Several verbs are provided for different types of joins, such as inner_join
, left_join
, right_join
or full_join
. It seems that, internally, they use the same grouping mechanism than summaries, and therefore they will generally fail for errors and full-featured quantities (note the missing uncertainty, as in the previous case):
iris.q %>%
left_join(data.frame(
Height = set_quantities(c(55, 60, 45), cm, c(45, 30, 35)),
Species = c("setosa", "virginica", "versicolor")
)) %>%
head()
#> Joining, by = "Species"
#> Sepal.Length Sepal.Width Petal.Length Petal.Width Species Height
#> 1 5.1(3) [cm] 3.5(2) [cm] 1.40(7) [cm] 0.20(1) [cm] setosa 60(40) [cm]
#> 2 4.9(2) [cm] 3.0(2) [cm] 1.40(7) [cm] 0.20(1) [cm] setosa 60(40) [cm]
#> 3 4.7(2) [cm] 3.2(2) [cm] 1.30(6) [cm] 0.20(1) [cm] setosa 60(40) [cm]
#> 4 4.6(2) [cm] 3.1(2) [cm] 1.50(8) [cm] 0.20(1) [cm] setosa 60(40) [cm]
#> 5 5.0(2) [cm] 3.6(2) [cm] 1.40(7) [cm] 0.20(1) [cm] setosa 60(40) [cm]
#> 6 5.4(3) [cm] 3.9(2) [cm] 1.70(8) [cm] 0.40(2) [cm] setosa 60(40) [cm]

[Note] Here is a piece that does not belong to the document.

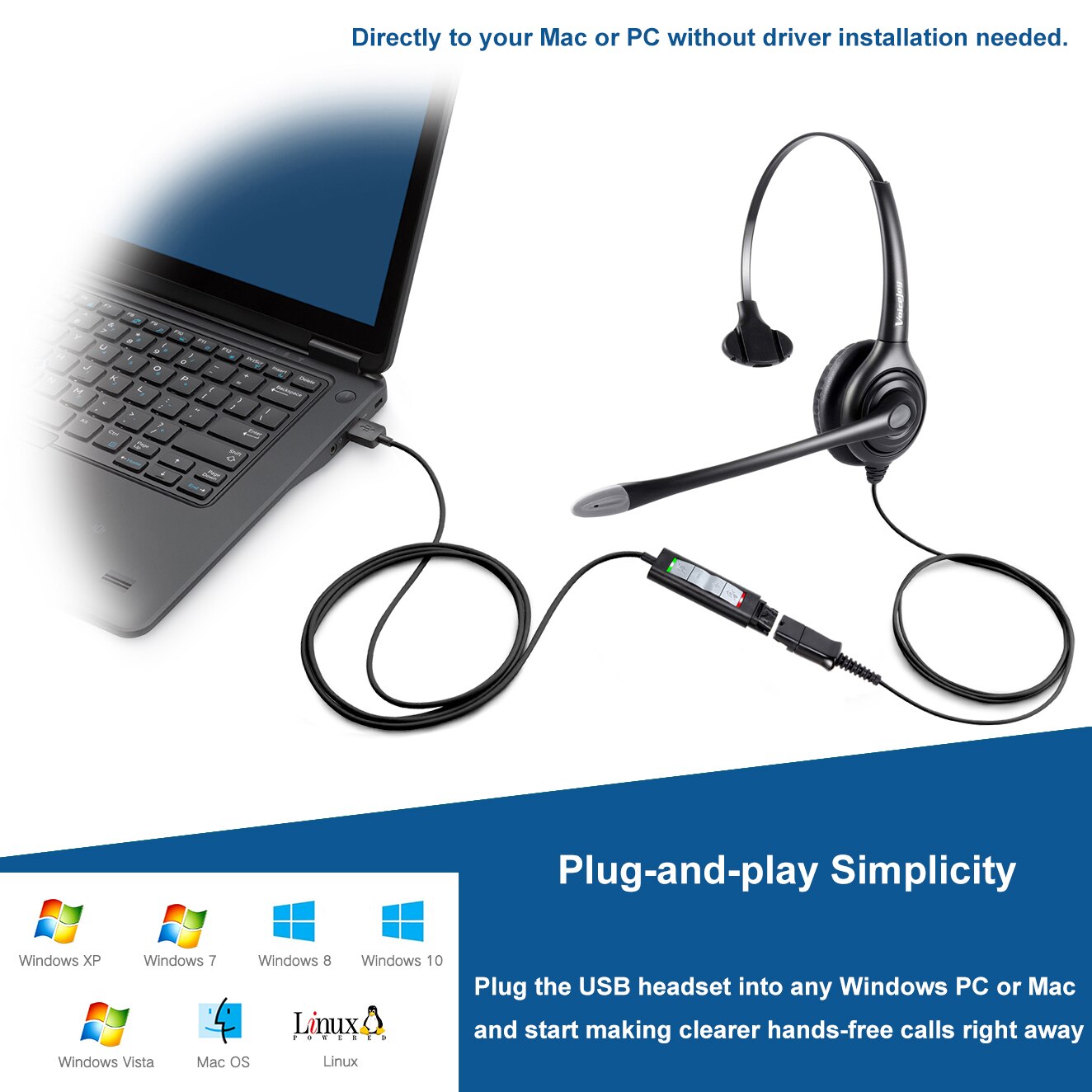 Wtyczka USB przewodowe słuchawki do laptopa, komputera, komputera, zestawu słuchawkowego z redukcją szumów Call Center, kompatybilny z Plantronics QD
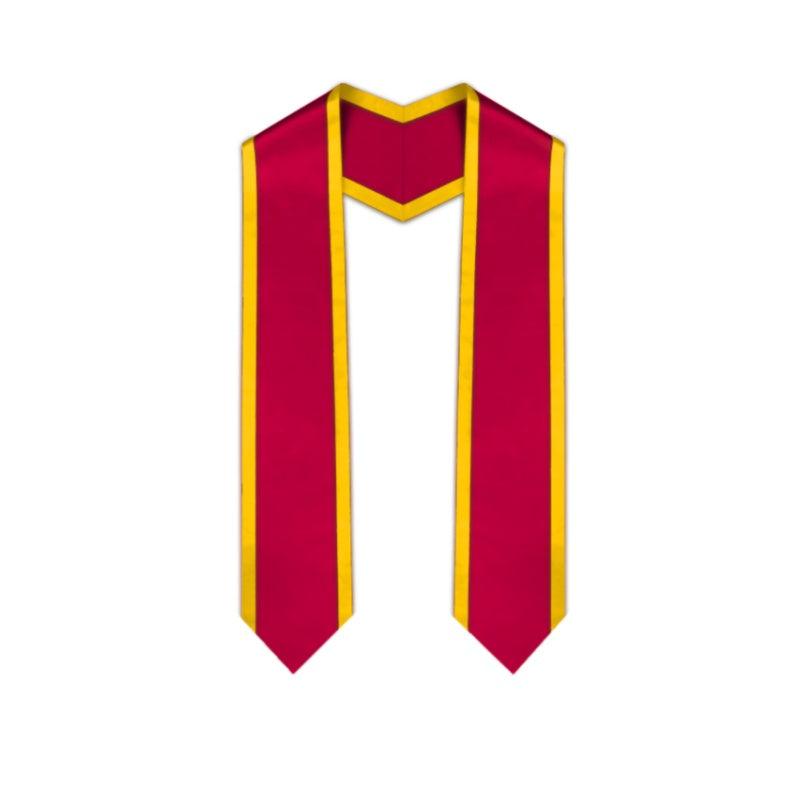 Red Pointed Graduation Stole with Gold Trim - Graduation Seller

Finally, pivoting and unpivoting is handled by a separate package, tidyr
, using the verbs spread
(pivot) and gather
(unpivot).
The unpivoting operation is substantially more straightforward. In the next example, we directly merge the four columns of interest into the value
column, and the correspoding column names are gathered into the key
column. Such a column is then separated into flower part
(sepal, petal) and dim
(length, height):
iris.q %>%
gather("key", "value", 1:4) %>%
separate(key, c("part", "dim")) %>%
head()
#> Warning: attributes are not identical across measure variables;
#> they will be dropped
#> Species part dim value
#> 1 setosa Sepal Length 5.1
#> 2 setosa Sepal Length 4.9
#> 3 setosa Sepal Length 4.7
#> 4 setosa Sepal Length 4.6
#> 5 setosa Sepal Length 5.0
#> 6 setosa Sepal Length 5.4
Unfortunately, it is evident that the operation completely drops all classes and attributes, and then quantities are not preserved.
The pivoting operation does preserve classes and attributes, but the latter ones are not correctly handled. In the following example, we first gather the original data set, then we assign quantities and try to spread it to obtain iris.q
:
wide <- iris %>%
# first gather, with row numbers as row_id
mutate(row_id = 1:n()) %>%
gather("key", "value", 1:4) %>%
separate(key, c("part", "dim")) %>%
# assign quantities
mutate(value = set_quantities(value, cm, value * 0.05)) %>%
# now spread
unite(key, part, dim, sep=".") %>%
spread(key, value) %>%
select(-row_id)
head(wide)
#> Species Petal.Length Petal.Width Sepal.Length Sepal.Width
#> 1 setosa 1.40(7) [cm] 0.20(7) [cm] 5.10(7) [cm] 3.50(7) [cm]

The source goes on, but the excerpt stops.